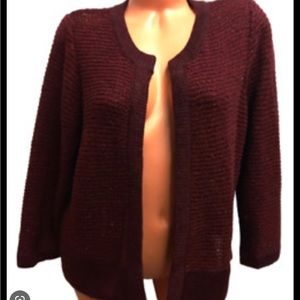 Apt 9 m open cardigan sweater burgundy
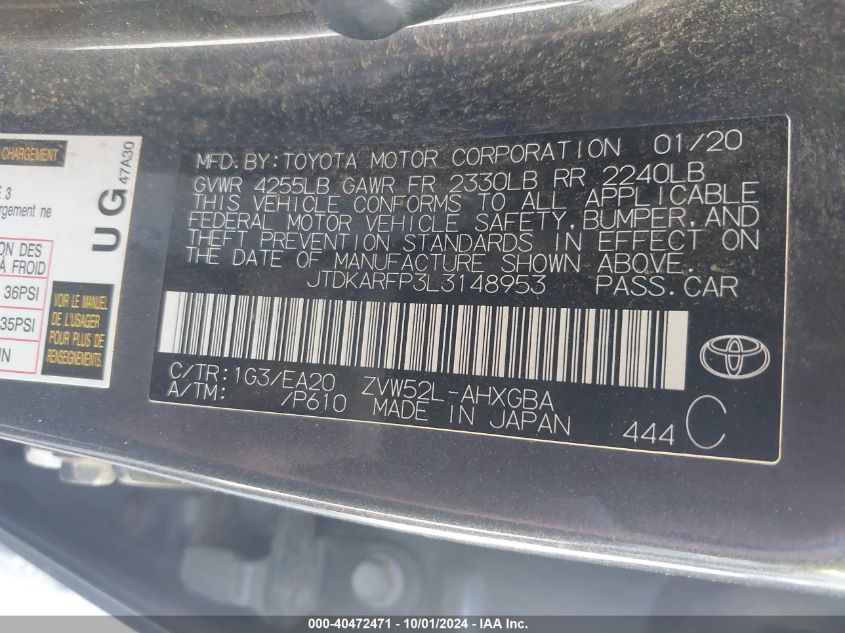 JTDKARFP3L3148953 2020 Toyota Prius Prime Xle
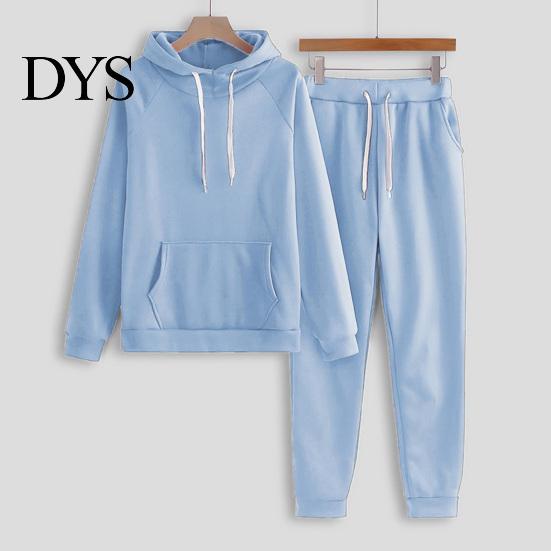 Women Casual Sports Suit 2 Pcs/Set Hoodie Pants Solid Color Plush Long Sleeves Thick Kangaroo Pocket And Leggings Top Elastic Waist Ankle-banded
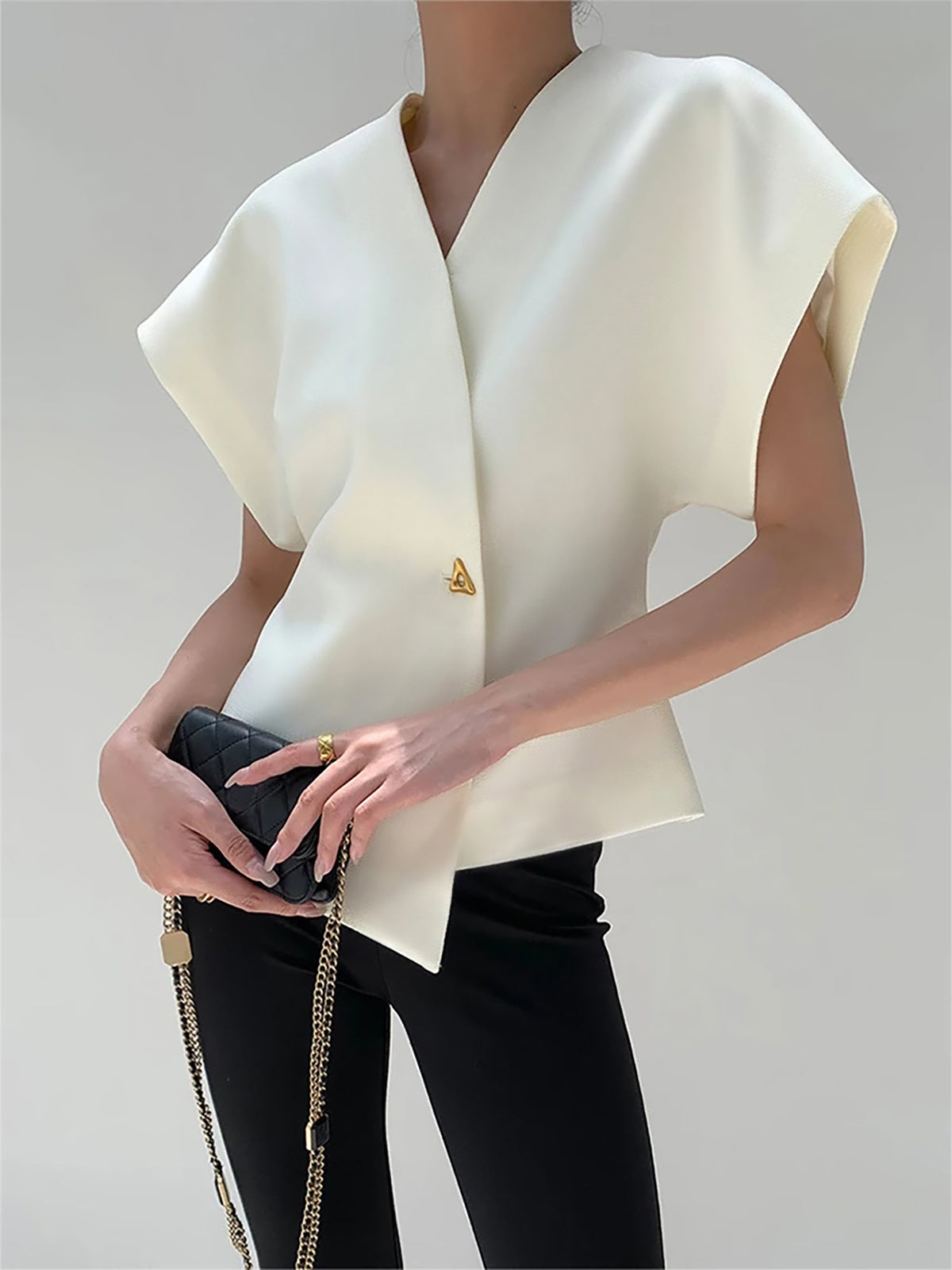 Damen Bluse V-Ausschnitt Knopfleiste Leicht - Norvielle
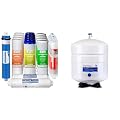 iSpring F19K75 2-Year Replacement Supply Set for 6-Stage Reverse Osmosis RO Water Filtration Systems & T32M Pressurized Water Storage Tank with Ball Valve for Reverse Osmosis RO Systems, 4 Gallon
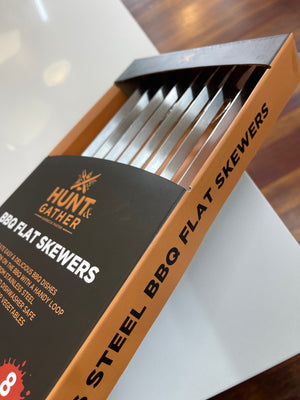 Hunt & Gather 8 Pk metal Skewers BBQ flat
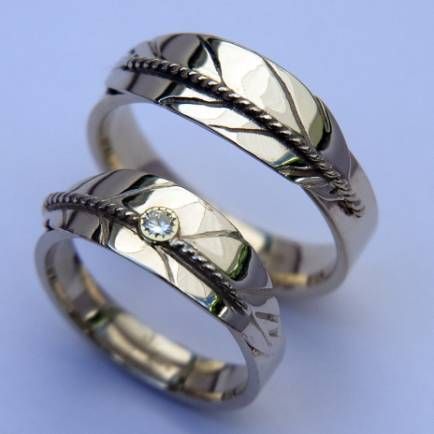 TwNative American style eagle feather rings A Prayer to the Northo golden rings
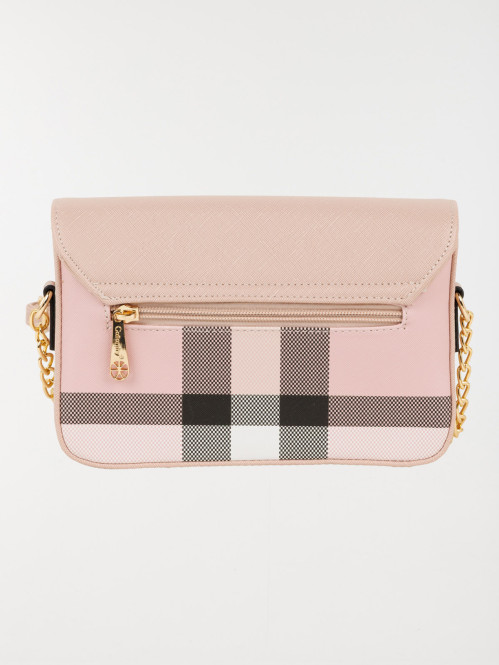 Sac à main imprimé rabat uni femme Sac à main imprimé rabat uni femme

___

**Exercise aim**. Each entry should be transcribed exactly as given, with pictures omitted.

**Response to this exercise**.
 Apt 9 m open cardigan sweater burgundy
 JTDKARFP3L3148953 2020 Toyota Prius Prime Xle
 Women Casual Sports Suit 2 Pcs/Set Hoodie Pants Solid Color Plush Long Sleeves Thick Kangaroo Pocket And Leggings Top Elastic Waist Ankle-banded
 Damen Bluse V-Ausschnitt Knopfleiste Leicht - Norvielle
 iSpring F19K75 2-Year Replacement Supply Set for 6-Stage Reverse Osmosis RO Water Filtration Systems & T32M Pressurized Water Storage Tank with Ball Valve for Reverse Osmosis RO Systems, 4 Gallon
 Hunt & Gather 8 Pk metal Skewers BBQ flat
 TwNative American style eagle feather rings A Prayer to the Northo golden rings
 Sac à main imprimé rabat uni femme Sac à main imprimé rabat uni femme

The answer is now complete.